Eritrea's Afewerki accuses US of complicity in Ethiopia attackBy ARGAW ASHINE | Tuesday, March 27 2012 at 09:39
Eritrean President Isaias Afewerki has accused the United States of backing a recent military attack in its territory.
In an interview with state television Sunday, President Isaias said the recent military strikes by bitter rival Ethiopia on March 15 was part of a failed US bid to destabilise Eritrea's independence and sabotage its "bright economic prospects."
Eritrea is already under debilitating UN sanctions over its alleged support for militant groups and terrorism in eastern Africa.
The US said it "categorically rejected" the claims.
President Isaias said his country was being targeted, along with Iran and Venezuela, for its anti-US stance.
"Last week's so-called attack is basically the handwork of the United States administration's plan emanating from frustration," he said.
"We are proud of our progress and no one can stop our march towards prosperity," he added, also blaming the media for being part of the conspiracy against his rule.
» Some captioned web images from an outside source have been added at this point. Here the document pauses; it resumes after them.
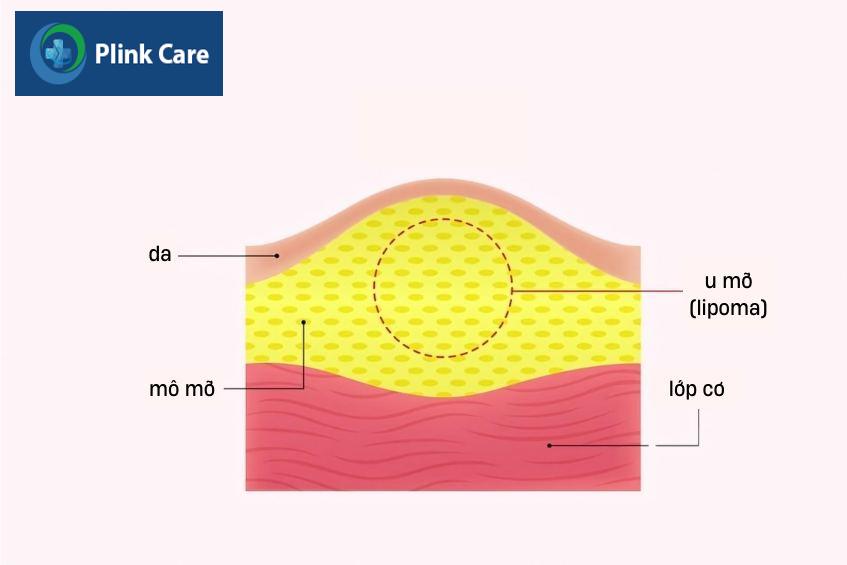 U mỡ (lipoma)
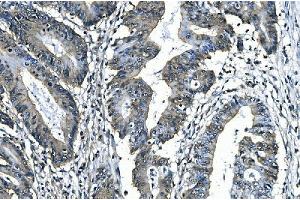 IHC analysis of SLBP using anti-SLBP antibody (ABIN7600074). (SLBP anticorps  (AA 146-270))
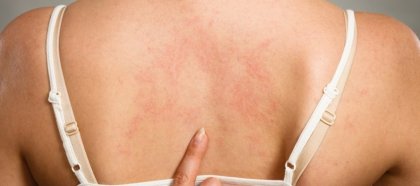 Летният загар - причина за радост, но и повод за притеснение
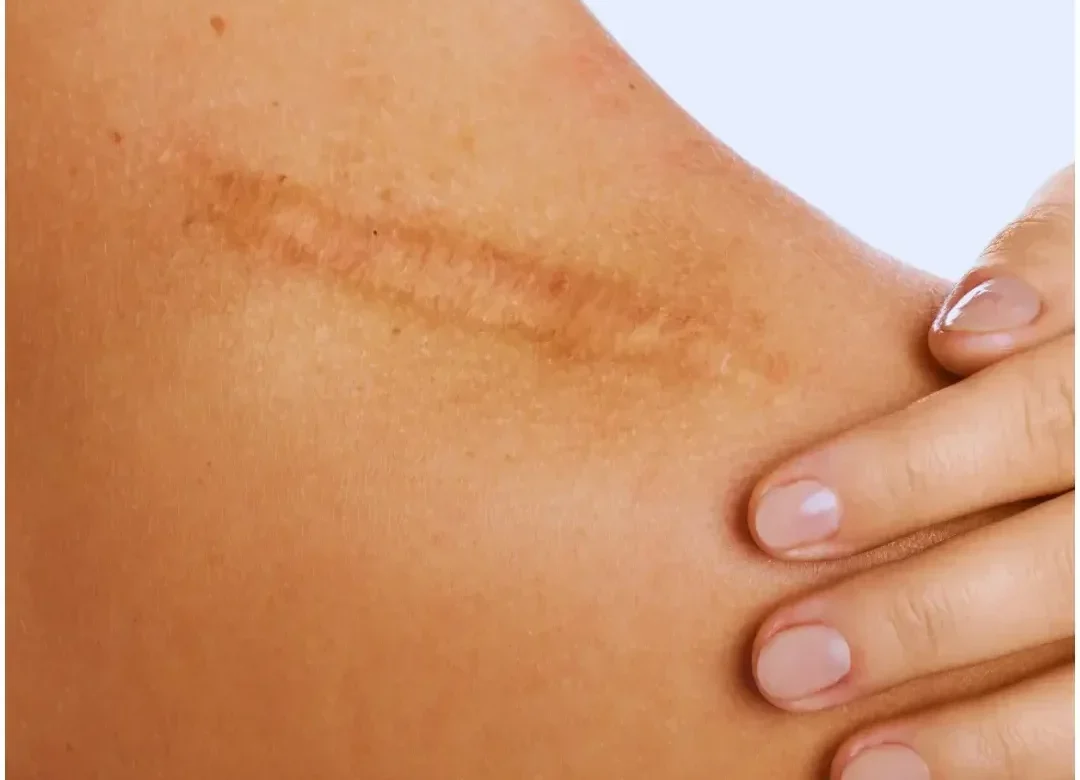Scar revision treatment before and after results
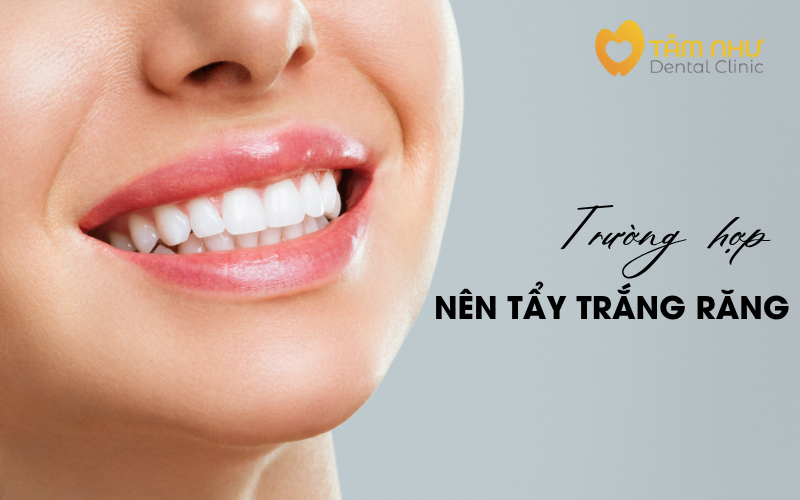 Trường hợp nào nên tẩy trắng răng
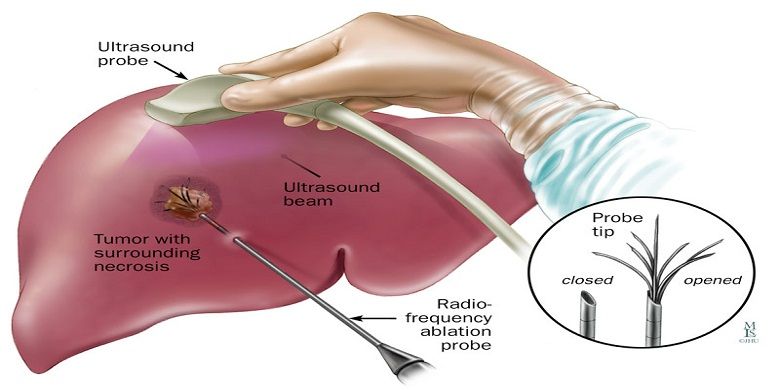 Radiofrequency Ablation (Rfa): Membunuh Kanker Seperti Terbungkus Dalam Api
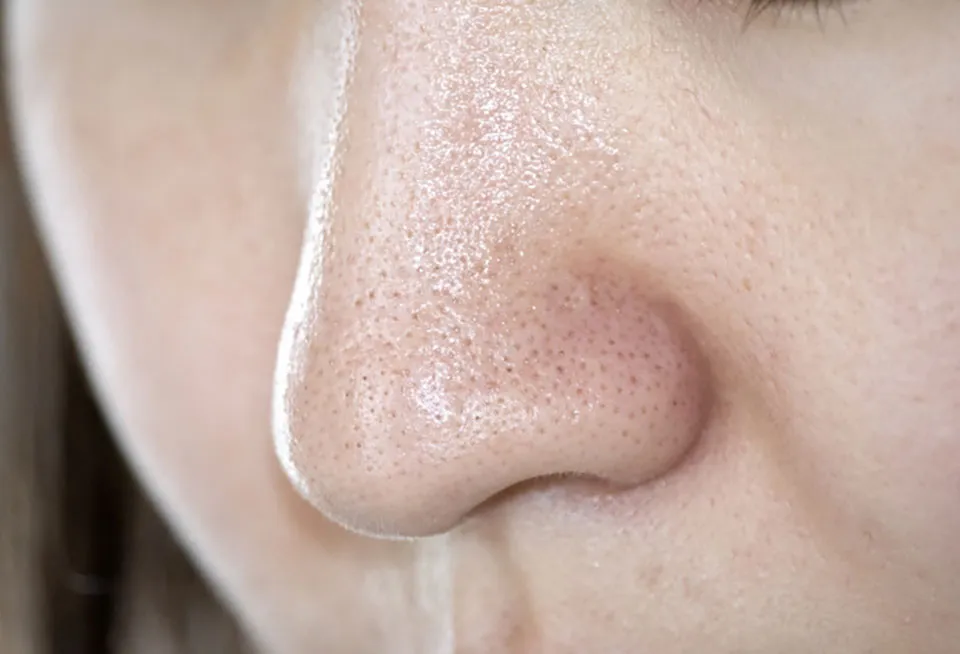 いちご鼻の女性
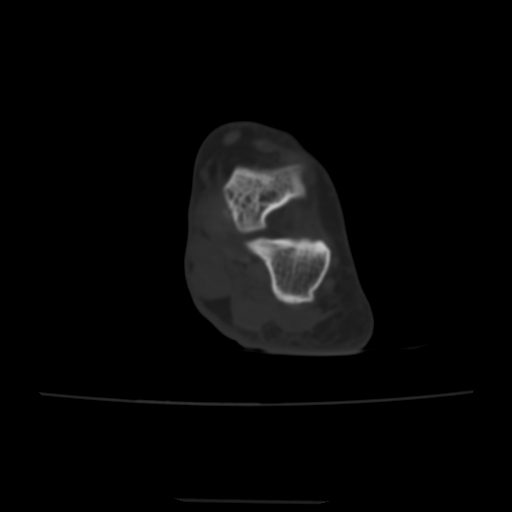 Avulsion fracture of the dorsal cuboid bone (Radiopaedia 51586-57377 Axial bone window 45).jpg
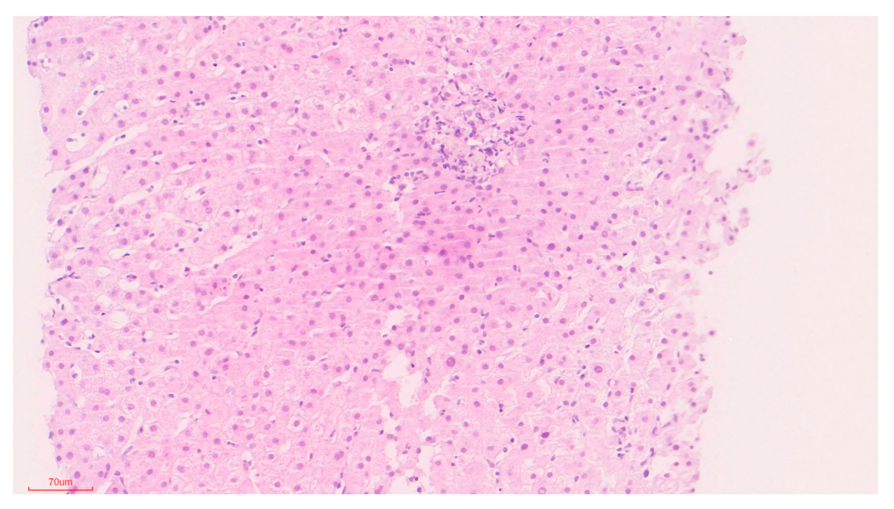 Biomedicines 09 00076 g002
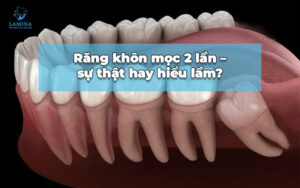 răng khôn mọc 2 lần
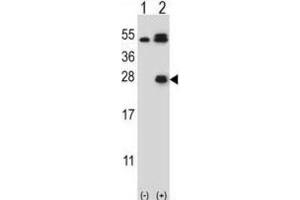Western Blotting (WB) image for anti-Kallikrein 6 (KLK6) antibody (ABIN5022442) (Kallikrein 6 抗体)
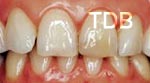 ips empress veneers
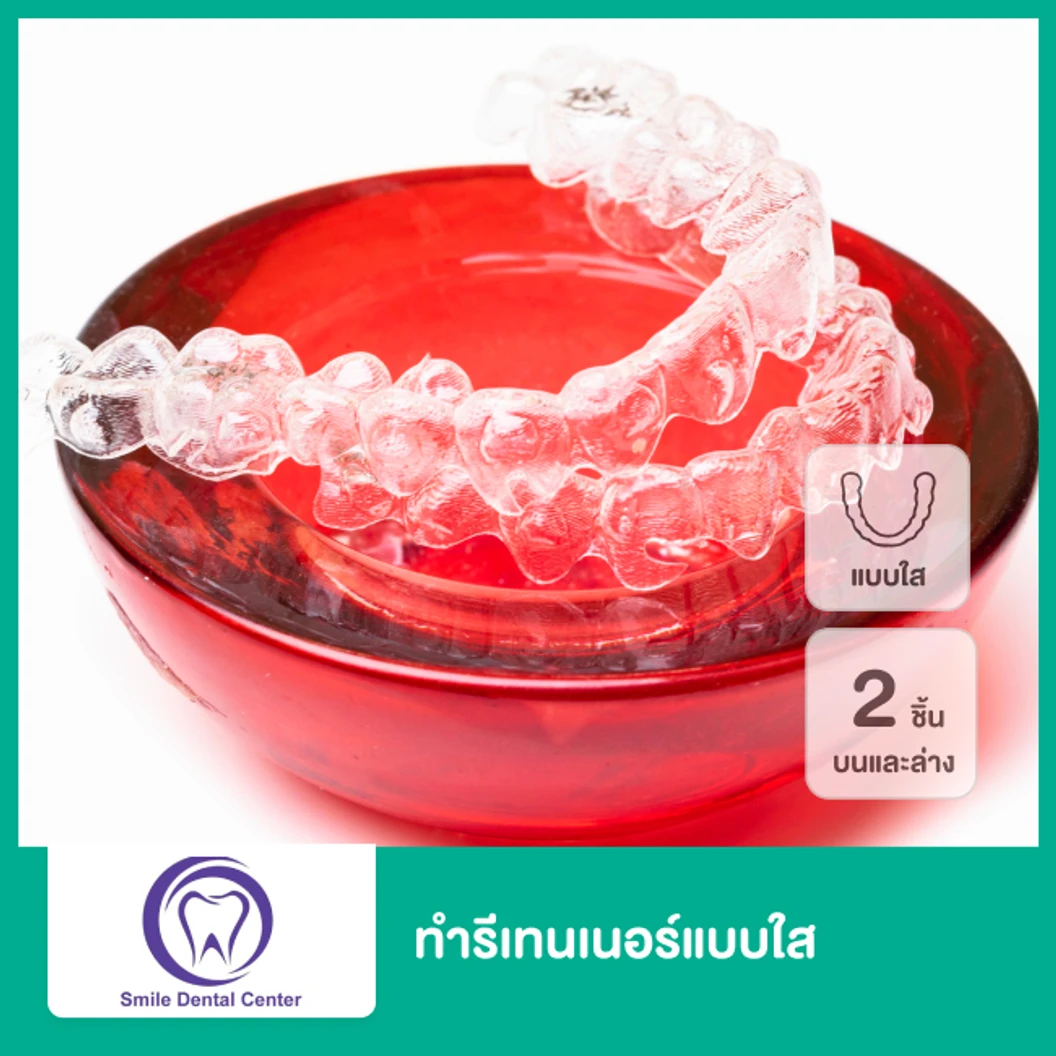 ทำรีเทนเนอร์แบบใส 2 ชิ้น ฟันบนและล่าง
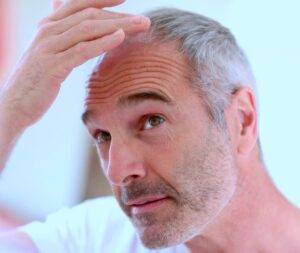 A close-up of a middle-aged man with signs of hair regrowth, touching his forehead thoughtfully, gazing intently towards the camera, with a soft-focus background.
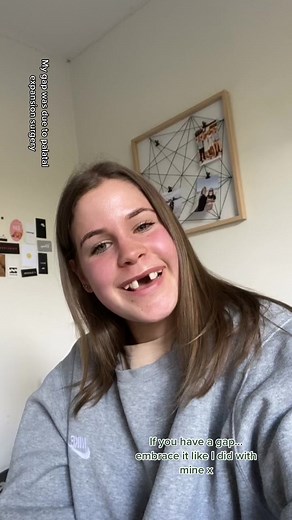 Palatal Expansion Surgery for Tooth Gap: Embracing Differences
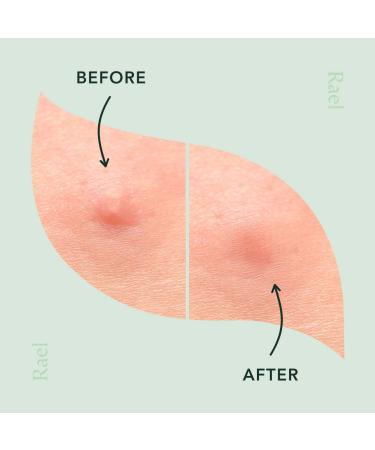 Rael Pimple Patches - Hydrocolloid Acne Spot Cover with Tea Tree Oil (27 Count) - Buy Online on GoSupps.com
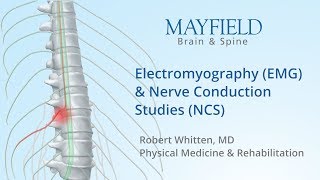 Your Radiologist Explains Myelography [upl. by Acey884]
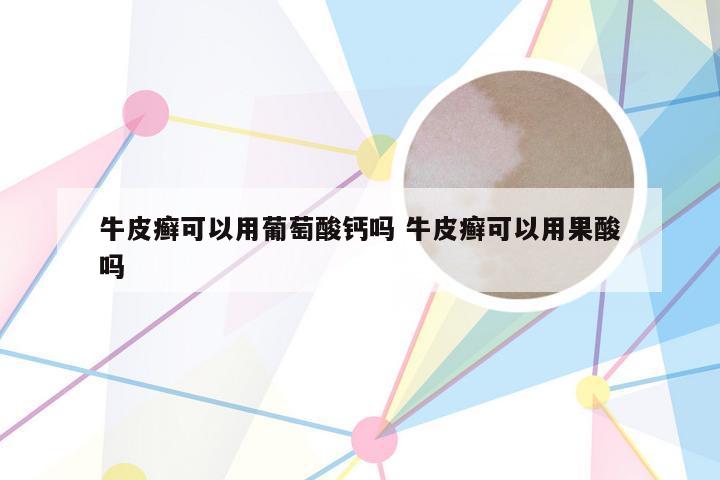 牛皮癣可以用葡萄酸钙吗 牛皮癣可以用果酸吗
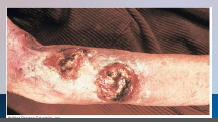 37. Syphilis – Treponema pallidum pallidum.

Tertiary syphilis – appears 1-10 [YEARS], gummas, soft, tumor-like growths that can occur anywhere including on skeleton, cardiovascular and neurological symptoms that can lead to [DEATH].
"The big media corporations funded by the US Central Intelligence Agency (CIA) were employed to disseminate and fan up last week’s incident," he said.
President Isaias, 66, has been in power since 1993.
"The United States categorically rejects any allegations that it planned, participated in, or supported the attack," the US Embassy in the capital Asmara posted on its website.
Ethiopia struck Ramid, Gelahbe and Gimbi, some 16km inside south-eastern Eritrea, areas it said were being used to train "terrorist" groups to target Addis Ababa.
The Ethiopian government said the training camps were used for "hit-and-run" missions and that it was retaliating over the killing of five western tourists in January near the northern Afar border area.
It vowed to make further military attacks against Eritrean targets.
Mr Isaias said the attack was meant to distract from a simmering border spat with Ethiopia. (Read: Ethiopia's ploy to get the West to move on Eritrea)
He said Eritrea would not retaliate over the "aggression".
The Red Sea nation remains isolated from the international community over claims of destabilising its neighbours, accusations it denies.
In 2009 and 2011, the United Nations slapped Asmara with two rounds of sanctions aimed at deterring its involvement in strife-torn Somalia.